The Purpose And Methods of Cub Scouting
Just remember, Cub Scouts is a family activity – We need everyone involved! Typically, when we have activities we hope everyone gets involved. The Cub Scouting program has several purposes related to the overall mission of the Boy Scouts of America – to build character, learn citizenship, and develop personal fitness. Every Cub Scouting activity should help fulfill one of these purposes. When considering a new activity, ask which purpose or purposes it supports. Not everything in Cub Scouting must be serious – far from it! Silly songs, energetic games, and yummy snacks all have their place in the program.
- Living the Ideals – Cub Scouting’s values are embedded in the Scout Oath, the Scout Law, the Cub Scout motto, and the Cub Scout sign, handshake, and salute. These practices help establish and reinforce the program’s values in boys and the leaders who guide them.
- Belonging to a Den – The den—a group of six to eight boys who are about the same age—is the place where Cub Scouting starts. In the den, Cub Scouts develop new skills and interests, they practice sportsmanship and good citizenship, and they learn to do their best, not just for themselves but for the den as well.
- Using Advancement – Recognition is important to boys. The advancement plan provides fun for the boys, gives them a sense of personal achievement as they earn badges, and strengthens family understanding as adult family members and their den leader work with boys on advancement projects.
- Involving Family and Home – Whether a Cub Scout lives with two parents or one, a foster family, or other relatives, his family is an important part of Cub Scouting. Parents and adult family members provide leadership and support for Cub Scouting and help ensure that boys have a good experience in the program.
- Participating in Activities – Cub Scouts participate in a huge array of activities, including games, projects, skits, stunts, songs, outdoor activities, trips and service projects. Besides being fun, these activities offer opportunities for growth, achievement, and family involvement.
- Serving Home and Neighborhood – Cub Scouting focuses on the home and neighborhood. It helps boys strengthen connections to their local communities, which in turn support the boys’ growth and development.
- Wearing the Uniform – Cub Scout uniforms serve a dual purpose, demonstrating membership in the group (everyone is dressed alike) and individual achievement (boys wear the badges they’ve earned). Wearing the uniform to meetings and activities also encourages a neat appearance, a sense of belonging, and good behavior.

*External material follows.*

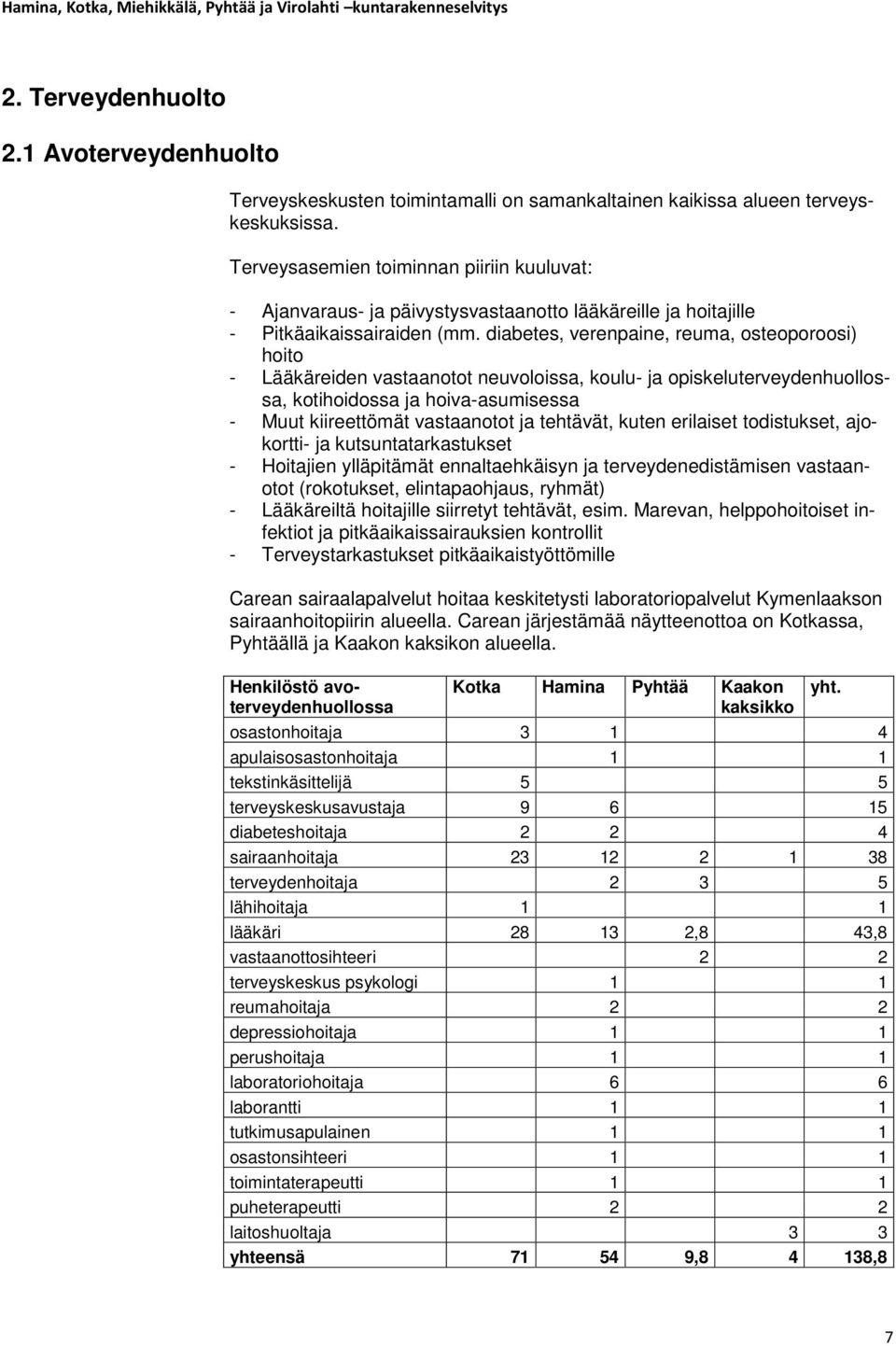 diabetes, verenpaine, reuma, osteoporoosi) hoito - Lääkäreiden vastaanotot neuvoloissa, koulu- ja opiskeluterveydenhuollossa, kotihoidossa ja hoiva-asumisessa - Muut kiireettömät vastaanotot ja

Parent and Guardian Involvement
What is your commitment as a parent? EVERYTHING!!! The Pack will quickly fold if it does not receive support from all parents and/or guardians. For a Pack to deliver a good program you need to:
- Encourage your cub to wear his Class A (Field) uniform correctly and neatly
- Ask your cub how YOU can help him or the Pack.
- If you volunteer, please follow through!
- Attend campouts with your cub and be sure to come to family camping.
- Support Pack leadership – offer constructive criticism and help where you can.
- Share your skills with your cub’s den – be an activity counselor and/or a Pack Committee member or an Assistant Den Leader.
- Practice your religious convictions and encourage your cub to do the same.
- Attend an occasional parents and leaders meeting.
- Assist with fundraising where possible, it saves you money and teaches life lessons.
Please note, with Cub Scouts, typically a parent or guardian must stay for the entirety of the meeting, fundraiser or other activity. These above points are not listed in any special order. They represent just a portion of obligations and commitments you make when your son joins a Cub Scout Pack. While it’s true that Scouting is a more enriching, engaging and affordable alternative to leaving a child at home to watch movies with the next-door neighbor, remember that BSA doesn’t stand for Baby Sitters of America.
Families get the most out of Cub Scouting and Boy Scouting when everyone is involved. You would not lend a stranger your car or a sum of money, so why lend your son to people you do not know? Reach out and get involved so that you can enjoy and share your son’s future with him and others.